Radiculopathy is referred pain that starts at the spine and refers to areas such as the hands or feet. So radiculopathy is not a condition, but a cause of a symptom. 

Radiculopathy occurs when the nerves of the spine get caught or impinged and this in turn sends pain down the length of the nerve.  These nerve patterns are called Dermatomes (which will be discussed in the next blog).

The area in which the nerve gets caught is the “existing nerve root”.  The exiting nerve root is where the nerve branches off the spinal cord and moves through the bony spinal vertebrae into the body to it’s designated area.

Usually disc protrusions can cause nerve impingement.  However bony growths can also cause irritation on the exiting nerve root.  Also, but in less cases cancer or infections can also cause radiculopathic pains. 

The symptoms are usually pins and needles, numbness, tingling, loss of feeling and loss of function.  Most patients will have sharp pains that are made worse with incorrect movements or heavy lifting.  Severe Radiculopathy can also result in extreme pain in the distal area (the area being effected – usually the upper back, arm or somewhere in the leg).

However, not all distal pains need be radiculopathic pains.  Myofascial problems such as trigger points (discussed soon), vascular problems, metabolic problems (such as diabetes) or other nervous system related issues can also cause referred type pains. 

A range of treatments can be used to resolve radiculopathic pains. And like always what’s works for someone may not work for others….  And lastly – an active recovery (not slouching on the lounge) will assist in resolving these types of injuries.



Disc Herniations

What is a herniated disc?

We have all heard of someone who has suffered from a disc herniation.  But do we know exactly what it is?  Not usually…  Inter vertebral discs are the soft portions of the spine that run alternately between the bony vertebra.  The discs consist of two parts: an outer portion which is the annulus fibrosis and an inner portion which is called the nucleus pulposus.  The disc acts as a shock absorber, especially the nucleus pulposus.

The inner portion (nucleus) of the disc is variable in that it has the ability to move somewhat.  If you place to much pressure on one side of the disc the nucleus can move (or be forced) in the opposite direction.  Kind of like pressing a tube of tooth paste at one end.

A Disc herniation occurs when then nucleus presses against the annulus fibrosis (outer wall) or breaks through it. When the nucleus breaks through this tough outer layer it can press against the spinal cord or spinal nerves.  This causes localized pain, radiating pain down arms or legs, numbness, tingling and/or pins and needles.  It can also cause loss of function, loss of feeling, deceased muscle mass and loss of control of the effected area.

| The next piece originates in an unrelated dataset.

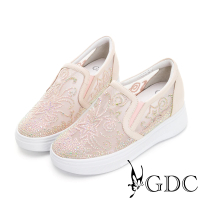 【GDC】透紗水鑽圓頭舒適厚底休閒懶人鞋-粉色(316176-13)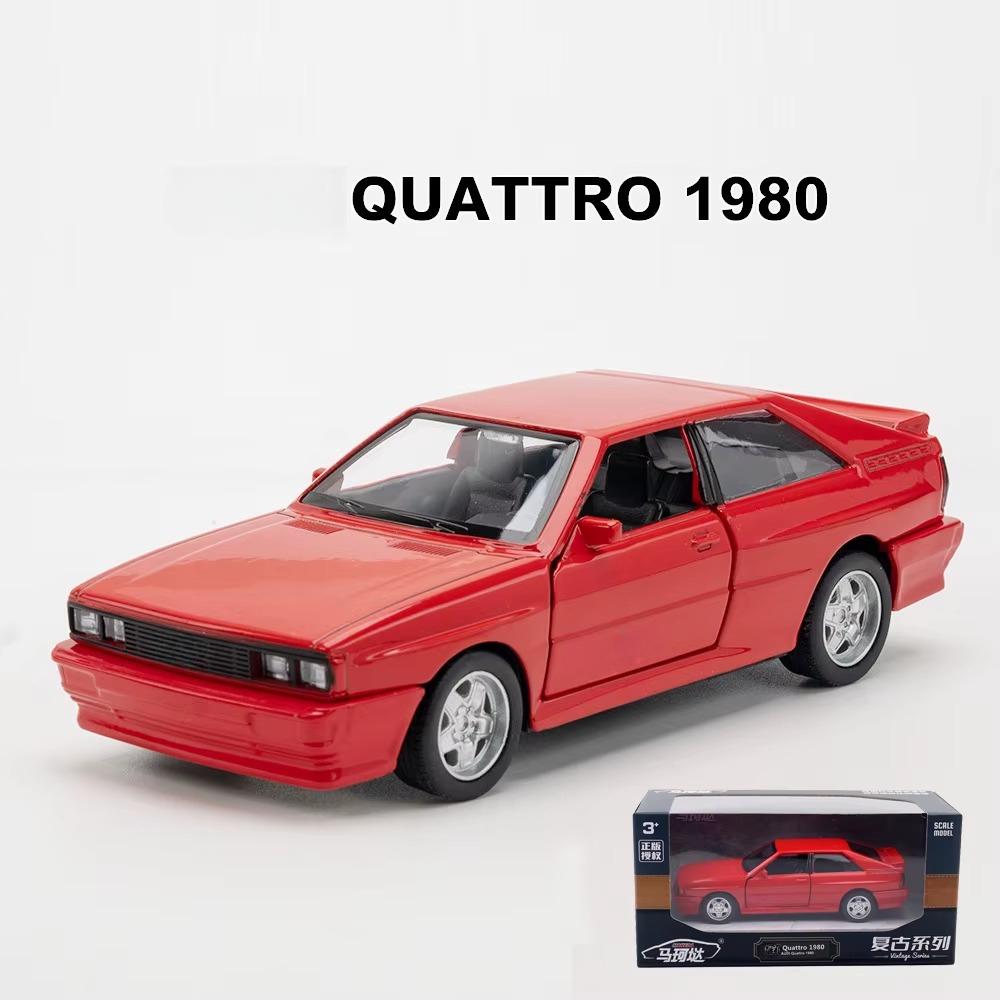 1/36 Scale Quattro 1980 Alloy Car Models Toy Diecasts Vehicles Model Doors Opened Pull Back Sport Car for  Kids Gift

Essentially there are 3 types of herniation’s.  This first is when the nucleus compresses the outer layer but has not broken through it.  The second is when the nucleus has broken through the outer layer and can compress nerves.  And the third is when the nucleus breaks though the outer layer and a portion breaks off causing a fragment to float near nerves and the spinal cord.

Treatment options generally depending on the degree of herniation that one has, ranging from conservative rehabilitation through to surgery.